Total Economic Damage

The deadliest hurricanes are not always the costliest in terms of property loss or business interruption.

The 10 costliest Atlantic hurricanes are listed below with their estimated damage. Total estimated damage includes insured and uninsured losses. A rule of thumb is that uninsured losses equal insured losses. So if an insurance association or forecaster estimates that insured losses are $10 billion, then total private losses (insured plus uninsured) are commonly doubled (to $20 billion). In addition, losses are borne by Federal, state and local governments - the cost of special national insurance programs like flood insurance, or the cost of FEMA assistance, or the cost to states and localities of the overtime of emergency-assistance personnel or the damage to public infrastructure.

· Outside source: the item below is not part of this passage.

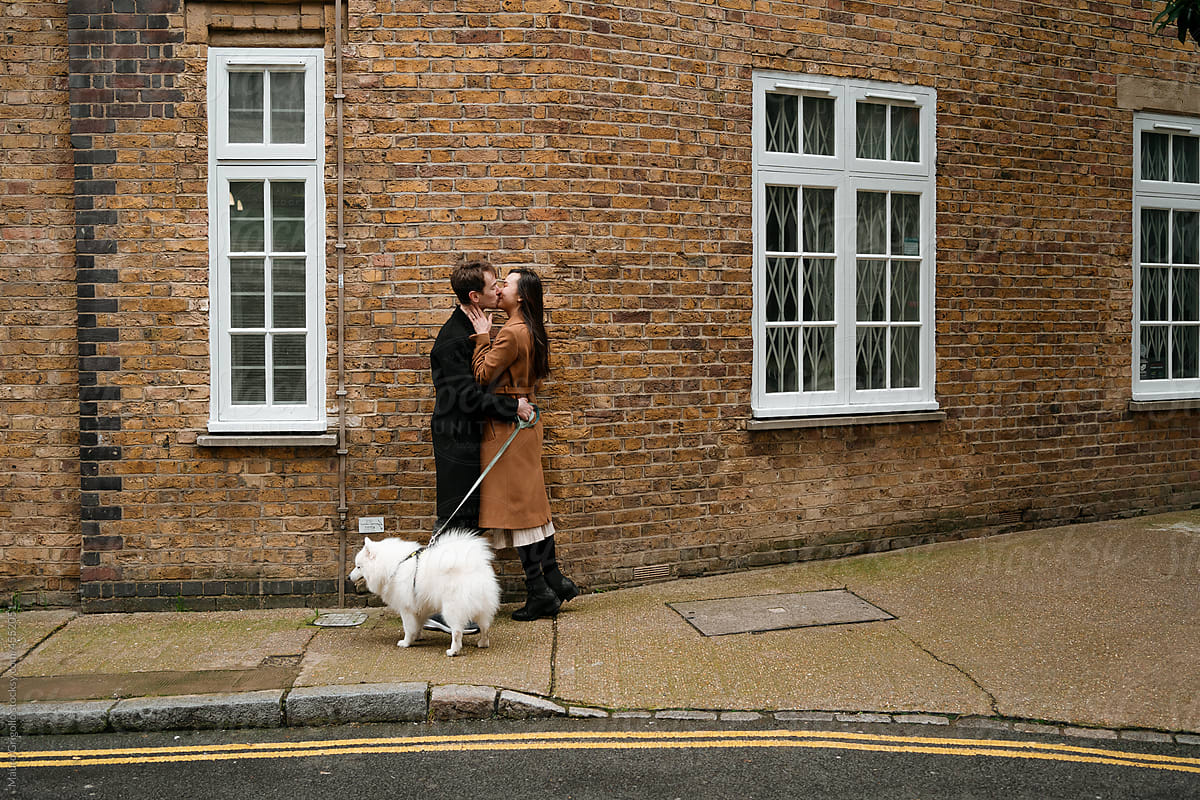 Couple kissing in the street during a walk with their dog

Note that earlier estimates are generally based on physical damage only, whereas later economic impact numbers, after WWII, include impacts such as business-interruption costs because these became widely insured events. In addition, as mentioned already, dollar-value rankings must be adjusted for inflation. There is no sense in old unadjusted dollar numbers. The most costly U.S. hurricane ever was the 1926 Miami Hurricane, which cost $165 billion in 2010 dollars, according to the National Hurricane Center.

Ten Costliest Hurricanes

Rank. Hurricane, Year. Cost $billion (2010 dollars)
1. Great Miami, 1926.  $165. 
2. Katrina, 2005.  $110. 
3. Galveston, 1900.  $104. 
4. Galveston, 1915.  $71.4. 
5. Andrew, 1992.   $60.5. 
6. L.I. Express, 1938. $41.1. 
7. SW Florida,1944.  $40.6. 
8. Lake Okeechobee, 1928 $35.3. 
9. Ike. 2008 $29.5. 
10. Donna. 1960 $28.2.
Source: NOAA, National Weather Service and National Hurricane Center, Blake and Gibney, 2011.  Calculations utilize Pielke et al. (R. A. Pielke, Jr., J. Gratz, C.W. Landsea, D. Collins, M. Saunders, and R. Musulin, 2008: “Normalized Hurricane Damages in the U.S.: 1900-2005.” Natural Hazards Review, 9, 29-42.)  Pielke et al. adjust historical data for inflation to 2010, wealth per capita and population.